Yo podría, estimado lector, incurrir en el irrespeto de abusar de su paciencia y aburrirlo con tediosos análisis tendientes a estipular que es la amenaza de perder la posesión de lo propio lo que induce a Florentino en tanto pueblo, a dejar una vida despreocupada y rebelarse contra el despotismo y la injusticia; que él y Salcedo no son recíprocamente la otredad (concebida al modo de la dicotomía sarmientina entre la civilización de la ciudad y la barbarie del campo) sino que ambos simbolizan la comunión entre los medios rural y citadino en busca de la realización del ser nacional, aspiración de ambos, y que si hay mucho de Gallegos en el caraqueño, también lo hay en el coplero; que es Florentino quien entiende que no es a través de la reedición del caudillismo, por más que sea un personalismo bueno, como lograrán el ideal que ambos persiguen, y que es Salcedo quien termina por comprender que el camino que debe transitar no es la revolución armada;  que Juan el veguero y su mujer encarnan al pueblo sufriente que gime bajo el yugo de una tiranía que esparce por doquier miseria, atraso, dolor y muerte; que el muro de ética y moral con el que Payara ha cercado a sus instintos, se derriba al solo soplo del amor incestuoso que siente por Rosángela; que es Juan Parao la esencia de un pueblo que fluctúa entre la adhesión a un caudillo que no acaba de comprender sus intereses, y la búsqueda de uno nuevo que cree encontrar en Florentino; que a éste, héroe prometeico, termina llevándoselo el Diablo, en una metáfora sublime de la problemática venezolana; que hay en toda la novela una ambigüedad permanente en la cual todo puede ser y al mismo tiempo no ser; o que creo percibir en el Cantaclaro de Gallegos un atisbo, una anunciación del realismo mágico que después expresaría más rotunda y nítidamente García Márquez en su Cien años de soledad.
Podría todo eso, pero ¿para qué?

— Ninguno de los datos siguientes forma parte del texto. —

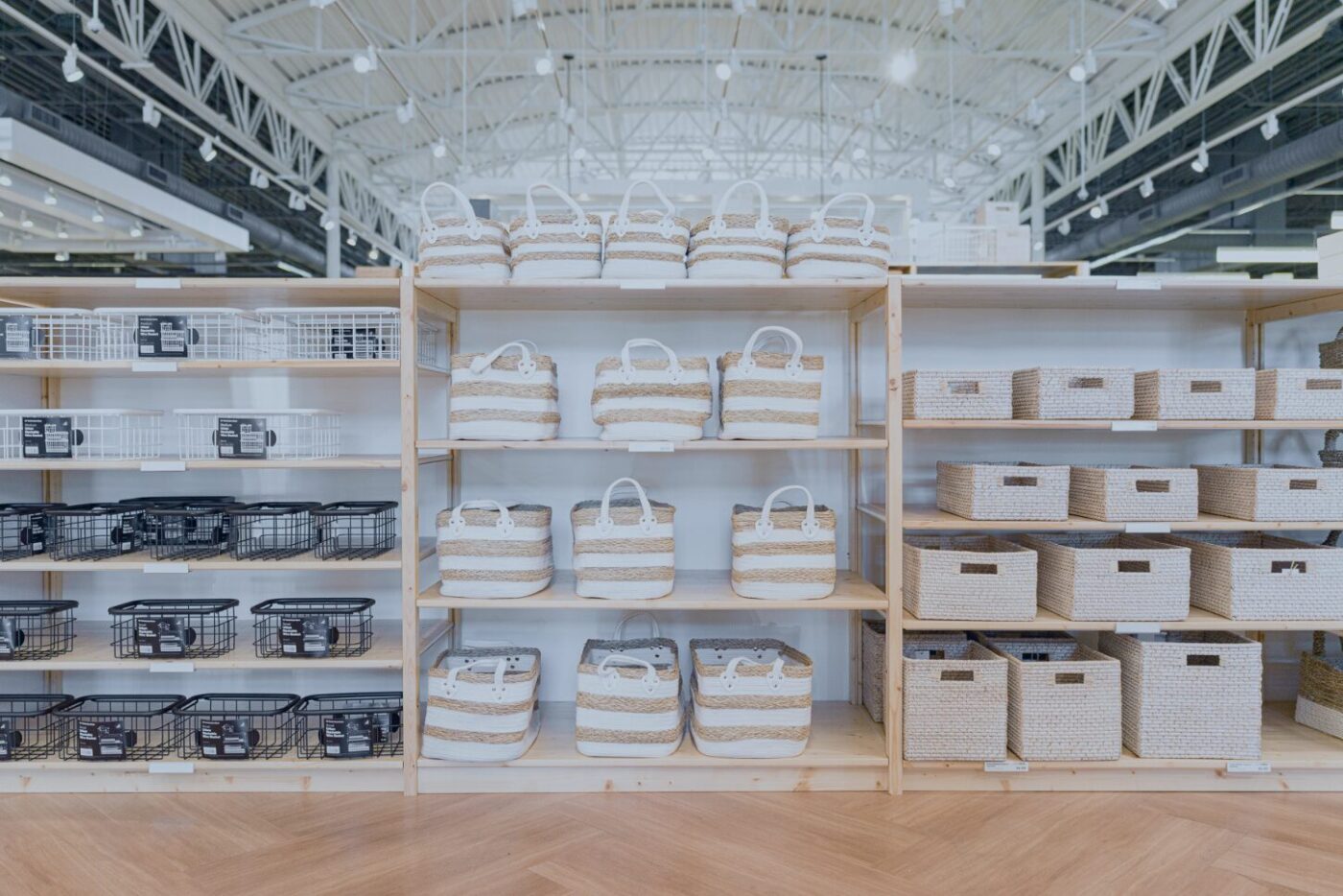 a photo of a row of shelves in a big box store showing storage containers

Sólo para satisfacer un ego insoportablemente presuntuoso; porque está en cada uno de nosotros inducir desde nuestros propios cerebro y corazón la interpretación de una novela sencillamente genial.
Obviamente, no basta un libro, por excepcional que éste sea, para comprender a una nación, pero sin dudas sí es Cantaclaro una herramienta invalorable a la hora de hacerlo; porque es una de las obras fundamentales de la literatura venezolana e iberoamericana.

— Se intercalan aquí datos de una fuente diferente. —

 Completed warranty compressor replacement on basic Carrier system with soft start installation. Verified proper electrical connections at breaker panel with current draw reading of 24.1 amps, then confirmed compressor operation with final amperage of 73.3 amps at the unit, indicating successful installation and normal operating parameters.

Y al fin de cuentas, como decía Borges, "la lectura debe ser una de las formas de la felicidad y no se puede obligar a nadie a ser feliz".
La lectura es un acto eminentemente hedonista: debe leerse Cantaclaro no para aprender a entender a Venezuela; sino por el goce espiritual que sus páginas proporcionan.
Sea bueno consigo mismo: regálese el placer de releerlo.